Passing the legislation would allow the Postal Service to free up extra funds to reduce the service’s debt and keep first-class stamp rates steady at 37 cents until 2006. The Senate passed an identical bill last week, which is supported by the Bush administration, according to a Wall Street Journal report.
The change was proposed following a US Treasury Department audit revealing that the Postal Service has nearly paid off obligations for some current and future retirees, bringing liabilities on this retirement account down to an estimated $5 billion, as opposed to the previous $32 billion estimate (See Post Office “Delivers” Extra Pension Funds ).

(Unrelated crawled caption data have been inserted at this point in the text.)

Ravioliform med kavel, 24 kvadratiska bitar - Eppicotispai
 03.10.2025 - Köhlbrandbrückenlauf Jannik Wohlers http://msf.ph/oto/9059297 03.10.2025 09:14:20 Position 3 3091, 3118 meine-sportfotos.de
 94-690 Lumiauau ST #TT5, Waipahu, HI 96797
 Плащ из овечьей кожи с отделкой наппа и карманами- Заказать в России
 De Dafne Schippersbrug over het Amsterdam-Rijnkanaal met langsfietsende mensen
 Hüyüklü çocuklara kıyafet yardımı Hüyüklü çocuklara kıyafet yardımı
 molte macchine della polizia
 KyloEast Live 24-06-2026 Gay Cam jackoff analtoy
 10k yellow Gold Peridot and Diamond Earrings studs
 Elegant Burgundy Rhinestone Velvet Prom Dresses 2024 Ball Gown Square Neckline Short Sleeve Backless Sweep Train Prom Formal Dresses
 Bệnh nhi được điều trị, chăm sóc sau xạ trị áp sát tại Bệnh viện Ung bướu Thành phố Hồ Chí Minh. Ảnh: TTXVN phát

Under the proposed amendments, the Postal Service would be able to reduce contributions for workers in the Civil Service Retirement System fund, currently used to provide benefits for employees who joined the service before 1983. Allowing the agency to make the smaller contributions would then free up enough extra funds to reduce the Postal Service’s debt by $2.9 billion by the end of the fiscal year.
But legislation bogged down over concerns on how the post office would use the extra funds. T o end the Congressional logjam, the bill requires the Postal Service to steer all the expected savings through fiscal 2005 to debt reduction and postponing rate increases. The savings also cannot be counted toward bonuses for postal executives, and Congress still would have to approve the agency’s plans for using any additional funds after 2005.
Postal service employees hired after 1983 are on a different retirement plan. Current contributions and future benefits will not be affected by the change.